Полуживой старик на выворотных, негнущихся, как у Чаплина, ногах суетится в лабиринте мебели, предела которому не видно, как в «Новом жильце» Ионеско, и краешек портновского сантиметра свисает из кармана пальто. На минуту мелькает отсвет чаплинской темы маленького человека, бьющегося головой об стену в мире собственности. Ассоциации изменчивы, образ все многозначней. Изобразительное набирает выразительности по мере того как актерский анализ проникает к человеческой сути, к тому, что внутри.

Крайности сходятся, даже меняются местами. Стржельчик кончает спектакль так, как начинал его Юрский.

Вик вырвался все-таки на волю. Все трын-трава, ничего в этом мире не изменишь, — уходя, он сжимает розовые билеты в киношку. Соломону не до кино. Он остался. Один на один с мебелью, как Вик в начале спектакля, он обходит теперешние свои владения, трогает пыльные вещи. Ему бы радоваться покупке, из-за которой придется еще немножечко пожить. Выигрыш! Но движется он чуть не ползком.
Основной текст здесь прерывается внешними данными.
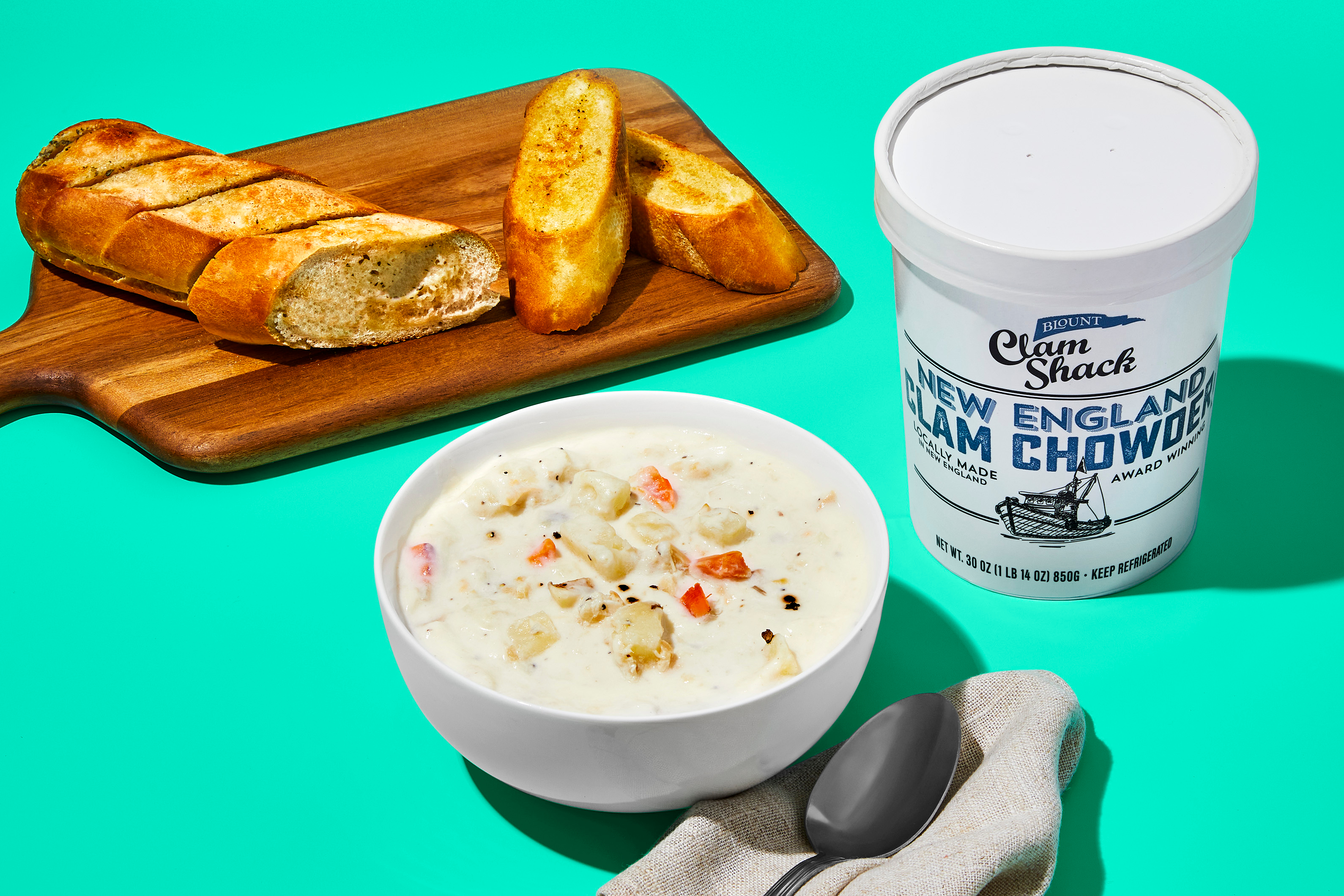 New England Clam Chowder + Garlic Bread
Добравшись до патефона на авансцене, Соломон машинально слушает гогочущую пластинку, слушает издевательский голос судьбы, заставляющий против воли колыхаться в полусмехе, полуплаче.

Итог заурядной человеческой судьбы в мире расчета, непонимания, розни.

Потому актер не беспощаден к своему герою. Актер и здесь, даже больше всего здесь, несет мысль о поникшем достоинстве человека, по-своему поворачивая благородную тему Большого драматического театра.

Тема звучит с силой современной трагикомедии в спектакле-дуэте Юрского и Стржельчика.

Сейчас речь — об одной роли одного актера. О работе, исполненной сердца и ума, сделанной во всеоружии тонкой техники. Последнее тоже немаловажно. Актеров душевных и умных у нас, слава богу, немало. Техничных что-то недостает.

Чем дорога такая техника современного актера? Вместо ответа достаточно сравнить Стржельчика сегодняшнего и вчерашнего. Куда девалась упоенность собою, своей внешностью, голосом, пластикой! Где былые бездумные порхания холеного, балованного премьера! Строжайший рисунок роли Грегори Соломона, вплоть до «снятого» голоса, — разве не символический знак пролегающего расстояния?

Роль из тех, что настраивают на раздумья о пути актера. 

Была на этом пути вовсе давняя точка. Последняя военная зима. Агитбригада 23-й армии, квартирующая в Выборге, прибыла в одну из дивизий. Со станции Сайрала санные обозные упряжки везут гостей на работу — в полки. Молодые актеры и актрисы кутают горло, но веселятся, когда на ухабах подбрасывает и все — вповалку. Вообще весело: война идет к концу, а здесь, на Карельском перешейке, она кончилась совсем. Летучие концерты сменяются допоздна. Владислав Стржельчик звенящим голосом, с юным огнем читает стихи. Он любимец ансамбля, к нему тут относятся особо, все верят в его будущность. «Счастливчик Стржельчик!»

С той военной зимы прошло двадцать пять лет. Много это или мало?

Пожалуй, кое в чем тогдашние надежды обмануты. То есть были потом и в театре пылкие монологи, горделивая выступка, рисовка. Была игра — эксплуатация внешних данных, действительно счастливых. Но это ли делает счастливым зрительный зал, а значит, и актера? Счастье, — когда прорываешься к подлинному и тратишь себя не на легких путях.

И вот «Цена». Луч прожектора, прежде чем померкнуть, задерживает в сгущающейся вокруг тьме мертвенное лицо, кривляющееся в натужной улыбке, платок, поднесенный к губам, плечи, содрогающиеся от сдавленных рыданий… Как знать, может когда-нибудь эта актерская работа войдет в предания театра.